* _PROBLEM DESCRIPTION_
From the first line to the last, copy the material exactly and leave the pictures out.

* _THE DATA_
┏━━

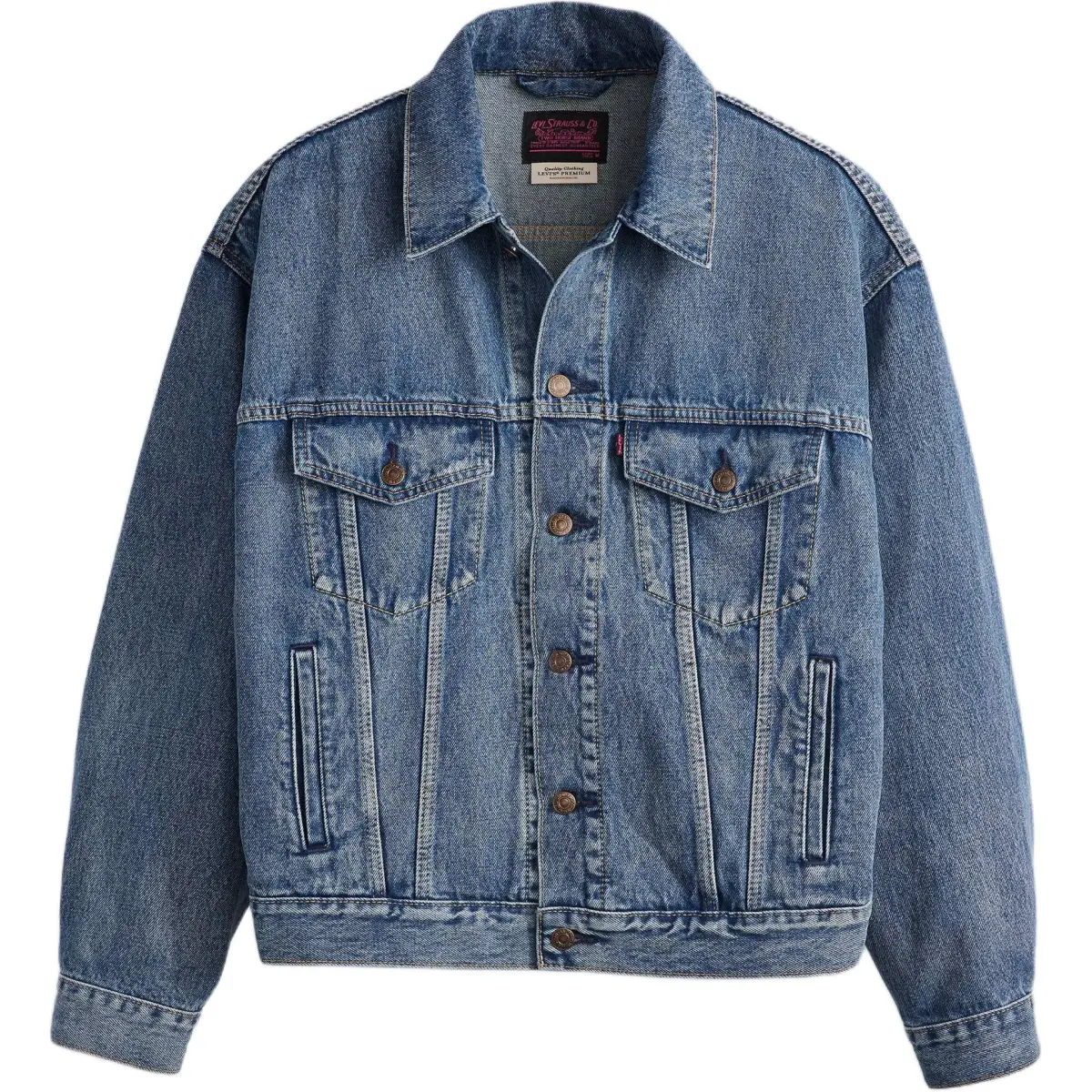 Levis Trucker button-fastening denim jacket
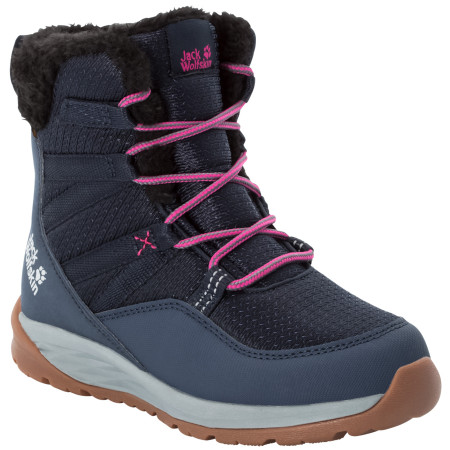 Śniegowce dziecięce Jack Wolfskin Polar Wolf Texapore High K ciemnoniebieski dark blue / grey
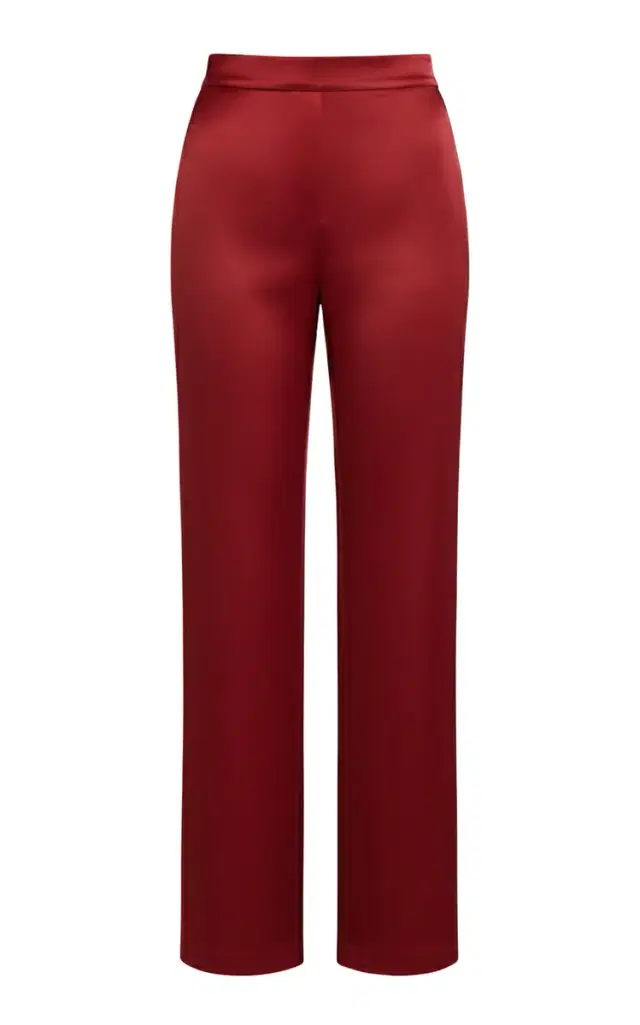 Dima Ayad Mid-Rise Wide-Leg Trousers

┗━━

* _PROBLEM SOLUTION_
 Levis Trucker button-fastening denim jacket
 Śniegowce dziecięce Jack Wolfskin Polar Wolf Texapore High K ciemnoniebieski dark blue / grey
 Dima Ayad Mid-Rise Wide-Leg Trousers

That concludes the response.